- Exercise goal -
Scan the records below. Report the number of lines containing the word "Ring", and nothing more.
══════════════════════════════
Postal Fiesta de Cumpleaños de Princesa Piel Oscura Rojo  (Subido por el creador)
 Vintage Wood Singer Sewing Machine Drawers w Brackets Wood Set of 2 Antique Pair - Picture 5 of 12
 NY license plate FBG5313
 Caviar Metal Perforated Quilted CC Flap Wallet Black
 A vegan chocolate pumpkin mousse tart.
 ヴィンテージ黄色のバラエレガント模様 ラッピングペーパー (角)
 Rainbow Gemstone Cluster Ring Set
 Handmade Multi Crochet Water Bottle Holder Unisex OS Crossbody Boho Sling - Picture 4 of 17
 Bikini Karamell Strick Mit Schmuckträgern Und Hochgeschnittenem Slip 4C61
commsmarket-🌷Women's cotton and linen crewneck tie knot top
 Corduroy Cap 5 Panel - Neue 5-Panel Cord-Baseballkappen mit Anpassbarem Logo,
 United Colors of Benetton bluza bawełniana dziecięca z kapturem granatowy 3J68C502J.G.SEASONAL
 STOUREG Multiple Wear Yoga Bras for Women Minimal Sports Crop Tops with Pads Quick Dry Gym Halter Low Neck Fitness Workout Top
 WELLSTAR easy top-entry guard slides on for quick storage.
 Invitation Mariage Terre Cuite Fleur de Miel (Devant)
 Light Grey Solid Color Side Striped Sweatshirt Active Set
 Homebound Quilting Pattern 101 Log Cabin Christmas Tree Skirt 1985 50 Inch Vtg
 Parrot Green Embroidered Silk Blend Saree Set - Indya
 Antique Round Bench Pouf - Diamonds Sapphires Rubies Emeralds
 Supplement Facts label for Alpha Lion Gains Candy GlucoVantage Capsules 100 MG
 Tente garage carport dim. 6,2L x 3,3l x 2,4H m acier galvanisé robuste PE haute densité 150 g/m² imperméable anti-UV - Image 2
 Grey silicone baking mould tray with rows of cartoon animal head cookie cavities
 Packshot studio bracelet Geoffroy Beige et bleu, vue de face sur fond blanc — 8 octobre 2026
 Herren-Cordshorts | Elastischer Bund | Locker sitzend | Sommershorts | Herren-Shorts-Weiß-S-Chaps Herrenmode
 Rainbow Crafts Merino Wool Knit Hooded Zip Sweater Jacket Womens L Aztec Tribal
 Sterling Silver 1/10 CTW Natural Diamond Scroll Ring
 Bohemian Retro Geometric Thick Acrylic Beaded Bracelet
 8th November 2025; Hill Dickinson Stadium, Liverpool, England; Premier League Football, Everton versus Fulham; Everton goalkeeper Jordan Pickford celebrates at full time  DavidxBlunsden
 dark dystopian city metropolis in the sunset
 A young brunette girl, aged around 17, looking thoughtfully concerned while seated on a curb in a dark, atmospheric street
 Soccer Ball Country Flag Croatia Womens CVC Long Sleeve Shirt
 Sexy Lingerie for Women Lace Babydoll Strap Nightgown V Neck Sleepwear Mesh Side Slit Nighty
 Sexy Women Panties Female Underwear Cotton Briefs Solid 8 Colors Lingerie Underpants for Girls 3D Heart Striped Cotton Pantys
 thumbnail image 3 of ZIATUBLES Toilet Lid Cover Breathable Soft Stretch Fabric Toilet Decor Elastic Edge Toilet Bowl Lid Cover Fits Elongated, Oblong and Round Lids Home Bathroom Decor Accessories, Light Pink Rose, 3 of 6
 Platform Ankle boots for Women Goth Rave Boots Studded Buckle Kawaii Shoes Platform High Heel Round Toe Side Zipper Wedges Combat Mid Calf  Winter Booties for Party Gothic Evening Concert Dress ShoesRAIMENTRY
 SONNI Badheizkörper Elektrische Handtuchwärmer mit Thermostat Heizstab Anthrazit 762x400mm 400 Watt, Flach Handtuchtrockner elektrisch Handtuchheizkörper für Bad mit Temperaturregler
══════════════════════════════
- Solution to the problem -
2